## Your instructions
Start with the first line of the data and end with the line that holds "Меф 4 MMC Terry Woo"; write out each one exactly.

Short descriptive text snippets
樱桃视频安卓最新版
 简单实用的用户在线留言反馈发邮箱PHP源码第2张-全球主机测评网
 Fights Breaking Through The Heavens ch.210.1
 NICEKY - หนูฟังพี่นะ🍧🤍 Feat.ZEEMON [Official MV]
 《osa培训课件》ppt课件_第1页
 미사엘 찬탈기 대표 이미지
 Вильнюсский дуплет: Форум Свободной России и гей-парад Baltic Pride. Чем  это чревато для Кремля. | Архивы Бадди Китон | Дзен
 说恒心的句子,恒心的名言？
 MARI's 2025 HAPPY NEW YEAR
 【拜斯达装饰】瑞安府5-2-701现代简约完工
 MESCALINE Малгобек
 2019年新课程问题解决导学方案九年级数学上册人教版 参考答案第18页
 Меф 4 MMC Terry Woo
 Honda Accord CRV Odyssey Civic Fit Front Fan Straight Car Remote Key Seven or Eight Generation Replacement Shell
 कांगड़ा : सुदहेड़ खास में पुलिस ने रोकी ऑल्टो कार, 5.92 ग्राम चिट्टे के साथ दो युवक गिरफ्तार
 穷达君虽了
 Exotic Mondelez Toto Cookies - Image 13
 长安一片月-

## Task response
樱桃视频安卓最新版
 简单实用的用户在线留言反馈发邮箱PHP源码第2张-全球主机测评网
 Fights Breaking Through The Heavens ch.210.1
 NICEKY - หนูฟังพี่นะ🍧🤍 Feat.ZEEMON [Official MV]
 《osa培训课件》ppt课件_第1页
 미사엘 찬탈기 대표 이미지
 Вильнюсский дуплет: Форум Свободной России и гей-парад Baltic Pride. Чем  это чревато для Кремля. | Архивы Бадди Китон | Дзен
 说恒心的句子,恒心的名言？
 MARI's 2025 HAPPY NEW YEAR
 【拜斯达装饰】瑞安府5-2-701现代简约完工
 MESCALINE Малгобек
 2019年新课程问题解决导学方案九年级数学上册人教版 参考答案第18页
 Меф 4 MMC Terry Woo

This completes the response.